Degree of Letters

By Deane Barker

Usually, when a university confers an honorary degree (often to a commencement speaker) the degree is a “Doctorate of Letters” or “Doctorate of Humane Letters.” It’s usually claimed that the degree is granted due to the recipient’s lifelong contribution to the arts.

But what does “letters” mean in this usage?

I looked around for a long time on this one, and I found a question on the English Stack Exchange that asked for the definition of a “man of letters.” The question starts with this partial definition:

The term man of letters, as I understand it, was used in the 18th and 19th centuries to describe an individual who lived a marked intellectual life; who might, for example, own a large library, conduct independent scientific investigations on his own initiative, and be engaged in correspondence with leading literary and scientific figures of his time.

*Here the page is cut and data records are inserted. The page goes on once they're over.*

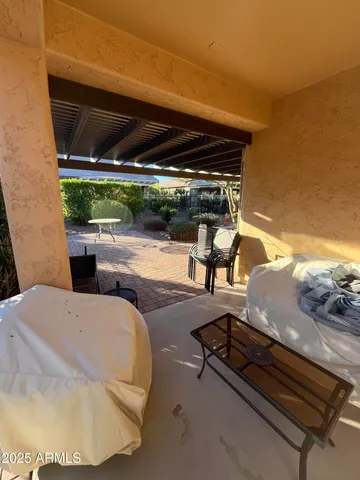 a view of a backyard with large tree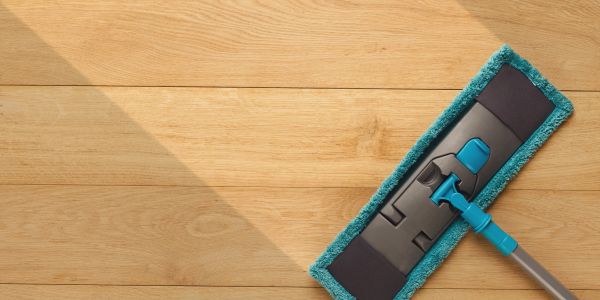 Blue mop cleaning a wooden floor.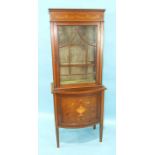 An Edwardian inlaid mahogany display cabinet, the upper section fitted with an astragal-glazed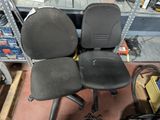 two black office chairs sitting on the floor in a room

The accepted answer states:

“letters” is a rather archaic term for what we would today call “literature”

And another:

“Lettere” in English is what you would call “Humanities” (meant as “studies”)

Humanities is roughly defined as study that is not professional training, math, or the natural sciences.

The first answer from the Stack Exchange question pointed to this definition of “letters”:

literary knowledge, ability, or learning; a man of letters; literary culture in general

The second answer from the Stack Exchange question points to the Wikipedia article for “Intellectual” that has a section for the label “Men of Letters”:

A “man of letters” was a literate man, able to read and write, as opposed to an illiterate man in a time when literacy was rare and thus highly valued in the upper strata of society.

Wikipedia also has a definition for “letters” on its disambiguation page:

an obsolete synecdoche for literacy; e.g. “He knows his letters”

So, the word “letters” seems to refer to the general concept of being educated or knowledgeable. Therefore, a “Doctorate of Letters” is a degree in…knowledge? A “Doctorate of Humane Letters” would be a degree in knowledge of the humanities.

But, coming back to the frequency of honorary awards, it seems to simply be a general title that’s not specific enough to require earning anything through coursework. It is a “degree in learned experience,” if anything.

You can still get earned degrees in “Letters.” In fact, some universities still or recently offered Bachelor’s programs in letters. This is from a now-archived 2016 page on the University of Oklahoma website:

the Letters program offers students a carefully supervised and coordinated curriculum in the humanities leading to the degree of Bachelor of Arts in Letters.

Why I Looked It Up

I was reading an article about a commencement speaker at a university. It’s still very customary to award an honorary degree in letters to such speakers.


Added on

In a discussion of the diplomat George Bancroft:

Bancroft’s belief that a democracy required the guidance of men of letters encouraged political involvement.